[HONG KONG] Asian stocks headed for a third weekly loss and bond risk rose amid concern a US payrolls report will reinforce prospects the Federal Reserve will raise interest rates. Oil rebounded from a 4 1/2-month low.
The MSCI Asia-Pacific Index fell 0.4 per cent by 10:51 am in Tokyo, bringing the week's decline to 1.1 per cent. US Standard & Poor's 500 Index futures were little changed. The Australian dollar rose 0.3 per cent as the central bank indicated the jobless rate has peaked. The yen headed for a weekly loss before the Bank of Japan announces policy.
US stocks slumped yesterday before a payrolls report Friday that may add to evidence the economy is robust enough to embolden the Fed to raise near-zero interest rates. The MSCI Emerging Markets Index declined 0.8 per cent on Thursday to the lowest in two years, after benchmark gauges in Malaysia, Poland, Russia and Taiwan dropped more than 1 percent.

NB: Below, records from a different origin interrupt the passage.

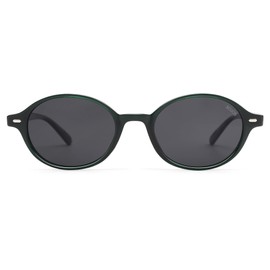 SOJOS Retro Trendy Oval Polarized Sunglasses Womens Mens, 90s Small Narrow Slim Chic Round Sunnies SJ2611, Dark Green/Grey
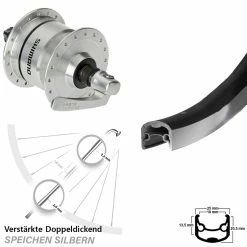 28 Zoll Vorderrad Ryde Andra 30 Schwarz Shimano DH3N72 Nabendynamo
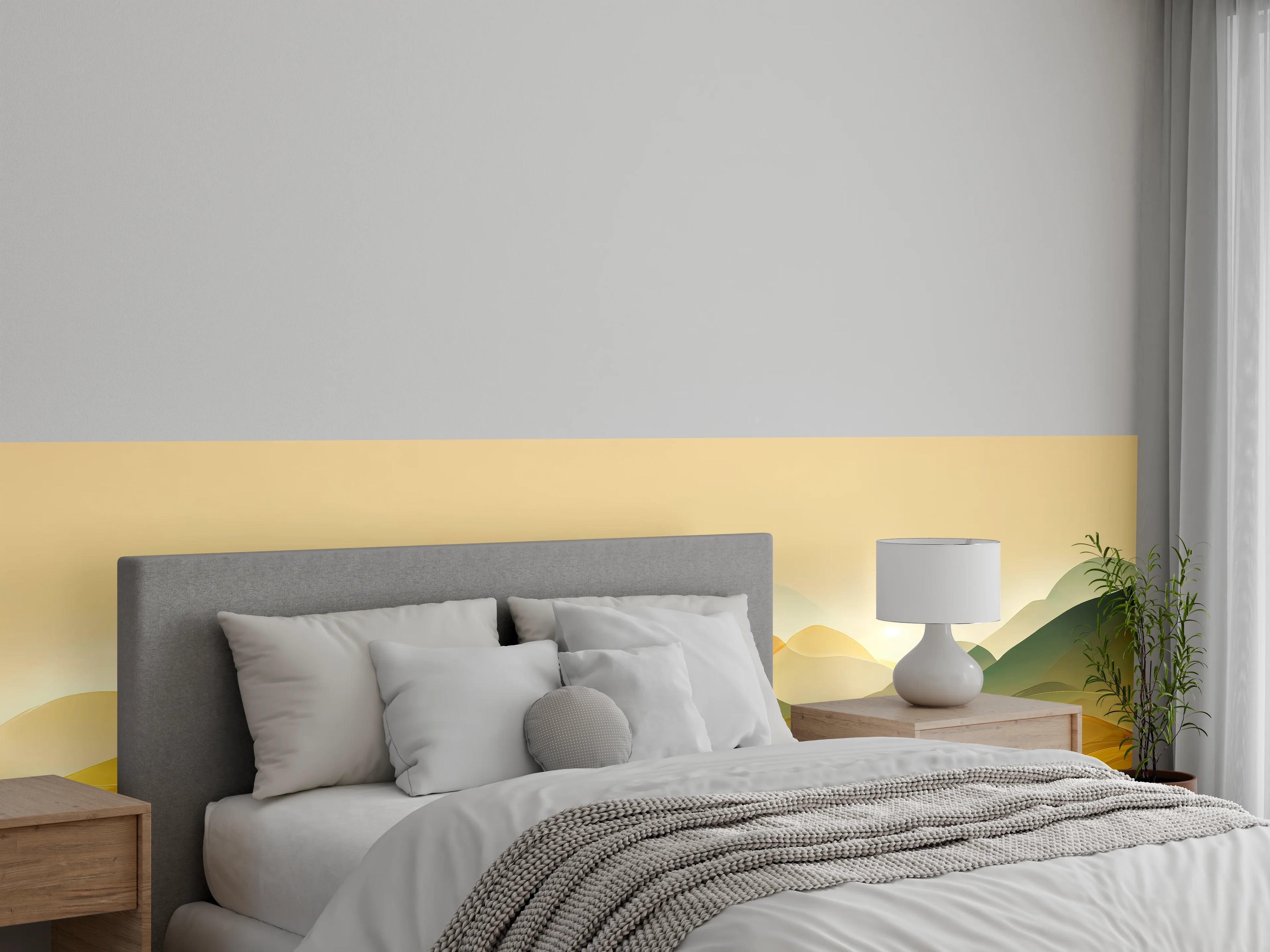 Wandverkleidung Schlafzimmer - Goldene abstrakte Landschaft Wandbild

There's "a cautious tone in risk markets ahead of tonight's non-farm payrolls," said Matthew Sherwood, Sydney- based head of investment strategy at Perpetual Ltd, which manages about US$22 billion. "Increased concern about what a strong report may mean saw equities out of favor and gold, safe- haven currencies and government bonds edge higher." Australia's S&P/ASX 200 Index sank 1.8 per cent Friday and is heading for its steepest weekly decline in two months. Australia & New Zealand Banking Group Ltd shares tumbled 6.9 per cent, the most since May 2010, after raising A$3 billion (S$3.05 billion) in capital following moves by regulators to make Australian banks safer.
Japan's Topix slipped 0.3 per cent, South Korea's Kospi index lost 0.2 per cent, and Malaysia's stock benchmark lost 0.9 per cent. The Shanghai Composite Index rallied 0.6 per cent as speculation grew the government will take more measures to stem a market rout.
The yen was little changed at 124.74 per dollar, heading for a second weekly decline with the BOJ forecast to maintain its unprecedented monetary stimulus on Friday as the economy shows signs of stumbling.
The S&P 500's 0.8 per cent slide on Thursday left it at the lowest level since July 27. The selling came amid data Thursday that showed jobless claims hovering near a four-decade low. A report yesterday on the services industries showed the fastest growth in a decade. Traders are pricing in a 48 percent probability that the Fed will raise rates in September.
"It's really about if the jobs number will alter the message from the Federal Reserve," said Chad Morganlander, a money manager at Stifel, Nicolaus & Co in Florham Park, New Jersey.
The Bloomberg Dollar Spot Index was little changed after slipping 0.1 per cent Thursday, when it touched the highest intraday level since March after the services data on Wednesday bolstered confidence in the economy.
While the Fed will scrutinise hiring data, the global rout in commodities is keeping inflation muted. Longer-term Treasuries led gains on Thursday as the outlook for inflation dropped to the least in almost five months. The yield on 10-year notes was little changed at 2.23 per cent, after falling five basis points the previous day. Australian 10-year yields declined one basis point to 2.82 per cent on Friday.
Oil rose after falling on Thursday to the lowest level since March in New York when US government data showed crude stockpiles remain more than 90 million barrels above the five- year seasonal average. West Texas Intermediate rose 0.2 per cent to US$44.76 per barrel after touching US$44.20 on Thursday, the lowest since March 20.
Gold traded little changed at US$1,088.85 an ounce. Prices are 0.6 per cent lower this week to head for a seventh straight weekly loss, the longest run since May 2004. Nickel fell 0.5 per cent, while copper lost 0.4 per cent.